These days, Anh does accessibility audits and consultations for private and public sector clients, and conducts in-depth courses to help people understand web accessibility, and the techniques for making web content accessible and WCAG 2.1 AA (Web Content Accessibility Guidelines) compliant. Anh’s passion for accessibility is clear when she is teaching a course. “In my training, as soon as the participant is thinking about, or empathising with the user, then my training is successful.” Before taking the course, she says, “it wouldn’t take more than 10 seconds for a developer to add an image to their website. But afterwards they would think about the purpose of images and how they can make them more accessible.”

“I love what I do and find it meaningful,” Anh says. For a while she worked with Julius Serrano, an accessibility specialist, who is blind and uses a screen reader. “Seeing the obstacles Julius faced made me even more interested in accessibility. I started talking to others at Catalyst and found out we have more people who have invisible disabilities or challenges, like dyslexia or colour-blindness, or people who have children who are affected by this. When Julius walks around with a cane, you know he’s blind, but you can’t always tell if a person has low vision if you pass them in the street.”

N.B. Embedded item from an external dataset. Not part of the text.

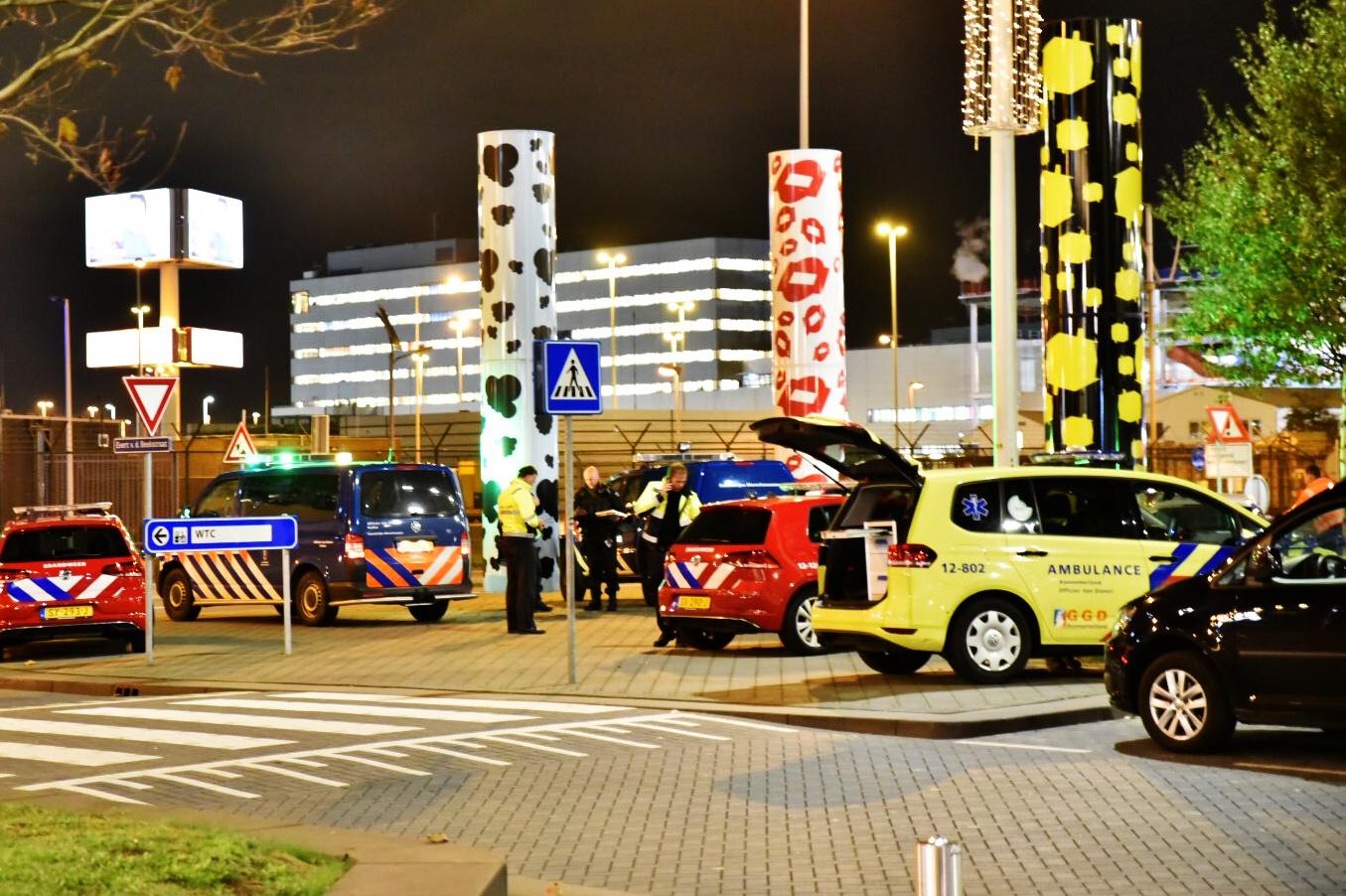 Stor polisinsats på Schipholflygplatsen i Amsterdam.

Anh Duong laughingBefore coming to Catalyst and immersing herself in accessibility, Anh says she was in an environment where none of her friends had disabilities. “When you’re more aware of disabled people, you want to know how to treat them, to be aware of your surroundings, to empathise more with others and what they’re going through, and use technology that can help,” Anh says. “We’re living in a world that is catered towards ‘able’ people, and it’s the environment that disables people. It’s OK if you don’t know these things, but the moment you’re aware of it, you want to learn and improve yourself, and improve things in the community.”

When she came to New Zealand, Anh found there was not much representation of Vietnam in the community. She feels that she would like to represent her home country, “to talk about us as Vietnamese.” Recently she stopped using the English name she’d drawn randomly out of a hat when learning English in Vietnam, and is now reclaiming her Vietnamese name in her New Zealand life. “When I asked people at Catalyst to refer to me as my Vietnamese name, it was a big deal for me. As Asian people we often feel like we need to Westernise our identity, but we shouldn’t,” Anh says.

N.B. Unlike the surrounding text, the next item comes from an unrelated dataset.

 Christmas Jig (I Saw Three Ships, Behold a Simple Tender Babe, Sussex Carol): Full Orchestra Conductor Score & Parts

In a recent email to let everyone in the company know about the name change, Anh said, “a lot of folks from a non-English-speaking country use their English name just to make it easier for others. But I think it's important for me personally to be known as ‘Anh’, because it represents my nationality, my identity and the appreciation I have for my family (each word in my full name represents a family member).”

Anh’s experience moving to a new country helps inform her work in accessibility. “As soon as you’re acknowledging something, you’ll be more aware of it in your surroundings. I’ve always liked taking care of people,” she says. “What my Mum taught me is to be aware of your surroundings, to pay attention to things.” Her goal is to be helpful, and to be part of a community where people of all abilities can participate. “It’s a step-by-step process, but you keep learning, and trying to make things better.”